Pantai Pink, “hiden paradise” yang menjadi buah bibir

Lokasi pantai ini agak tersembunyi di ekor Pulau Lombok. Namun jangan pernah mengeluh jika kelelahan sampai di sana karena nanti anda akan menemukan hiden paradise (surga tersembunyi). Konon pantai yang berwarna pink hanya ada 3 tempat di Indonesia, salah satunya di Lombok ini. Setiba di sini kelelahan anda akan terbayarkan oleh keindahan pantai ini.

Sebenarnya pantai ini oleh warga sekitar diberi nama Pantai Tangsi. Tangsi artinya barak atau markas. Mengapa diberi nama begitu?? karena dulu tentara Jepang hingga tahun 1945, menjadikan pantai ini sebagai markas/barak/tangsi untuk bersembunyi dan menyusun kekuatan melawan tentara sekutu Amerika dan termasuk menjajah kita rakyat Indonesia (khususnya rakyat suku Sasak/Lombok). Di sini terdapat bekas Goa Jepang dan Meriam karatan peninggalan Jepang, kendati sekedar papan nama tidak saya temukan di sini (???). Jadi sebenarnya jika anda berkunjung ke sini, anda sekaligus menikmati wisata sejarah. Namun sekali lagi amat disayangkan wisata sejarah ini rupanya hanya istilah saya di sini, karena spot pantai ini tidak menjadi ikon wisata sejarah.

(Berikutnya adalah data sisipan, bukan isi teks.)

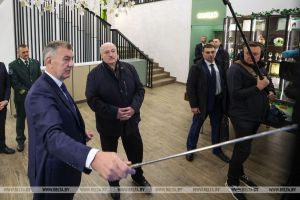 &quot;В это надо вкладывать деньги&quot;. Лукашенко о развитии санаторно-курортных услуг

Saat ke sana, saya pun “agak malu” mendengar kawan kita dari luar daerah yang tidak puas dengan fasilitas di sini. Pantai boleh sekelas surga tapi fasilitas jangan sekelas neraka. Fasilitas toilet masih perlu perhatian serius dari pengambil kebijakan di sektor wisata di daerah ini. Masak sih pantai yang lagi nge-trend di internet ini, untuk sekedar wudhu kita harus antri nimba air dari sumur tua dengan ember lusuh yang kemudian dimasukkan ke dalam bong (tong). Lalu dengan hukum Toricelli, air memancur begitu hematnya. Demikian halnya jika ingin BAK dan atau BAB, harus nimba air dulu lalu masuk bilik bambu. Mungkin saja jaman Jepang tahun 1945 di sini fasilitasnya bagus, walau tidak ada jejak di sini. (mohon maaf, keadaan yang saya gambarkan ini saat 8 bulan yang lalu, semoga hari ini semuanya berubah jadi wahhhh..)

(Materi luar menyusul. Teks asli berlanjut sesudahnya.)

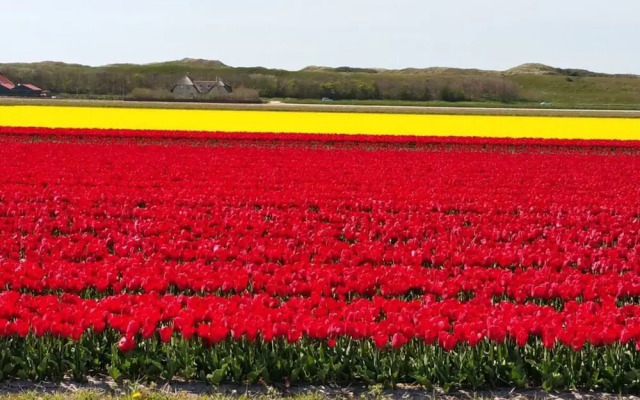 Villa Seewind Comfortable Holiday Residence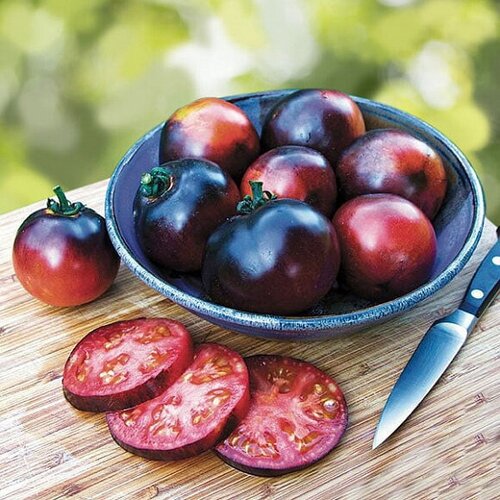 ���������� ������ ����� ����� 5 ���� ����� ���� ������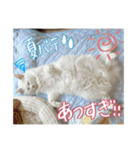 うちの和菓子にゃんこ3（個別スタンプ：26）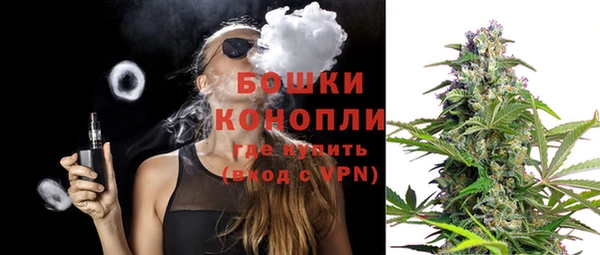 Альфа ПВП Белокуриха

Untuk masalah makanan, di sini penjualnya masih terbatas. Di pantai ini kita menemukan berjejer kedai-kedai bongkar pasang yang menjual aneka makanan dan minuman ringan, es kelapa muda, dll. Jadi sebaiknya pengunjung membawa bekal yang cukup dari rumah jika ingin puas makan di sini.

Pantai pink ini memang berwarna pink (merah muda). Warna pink akan terlihat jelas saat pagi atau sore hari. Perpaduan pantai dari coral merah dan sinar matahari membuat warna pink semakin jelas. Warna pink ini terbentuk dari serpihan-serpihan batu karang (coral) merah yang tergerus oleh ombak lalu membentuk pasir berwarna pink. Itulah yang menjadi keunikan pantai ini. Sebenarnya jika pantai ini dikelola dengan baik dan fasilitasnya lengkap, maka pantai ini bisa juga menjadi ikon pariwisata NTB selain pantai Senggigi, Pantai Kuta, dan Gili Terawangan, karena pantai ini memiliki branding yang kuat sehingga mudah dipasarkan.

DSCN5036

pantai Pink tampak dari Barat

DSCN5037

Pantai Pink tampak dari Timur (pasirnya lumayan banyak, cocok untuk mandi matahari bagi yang pingin niru bule)

DSCN5041

Mulut Gua Jepang di depan pantai Pink (papan nama tidak ada, mungkin perlu datangkan orang Jepang untuk bikin papan nama elektronik lengkap dengan LCD dan kisah pendudukan Jepang).

DSCN5044

Bagian dalam Gua Jepang (tidak terawat), seharusnya bisa dipoles jadi wisata sejarah, tetapi….??

DSCN5051

Wallpaper pantai pink (cuaca agak siang warna pink pudar)

DSCN5055

backpacker dari negeri seberang berlatar pantai pink

DSCN5062

pasir pantai pink memang pink

DSCN5065

Coral warna pink, inilah sumber pasir pink.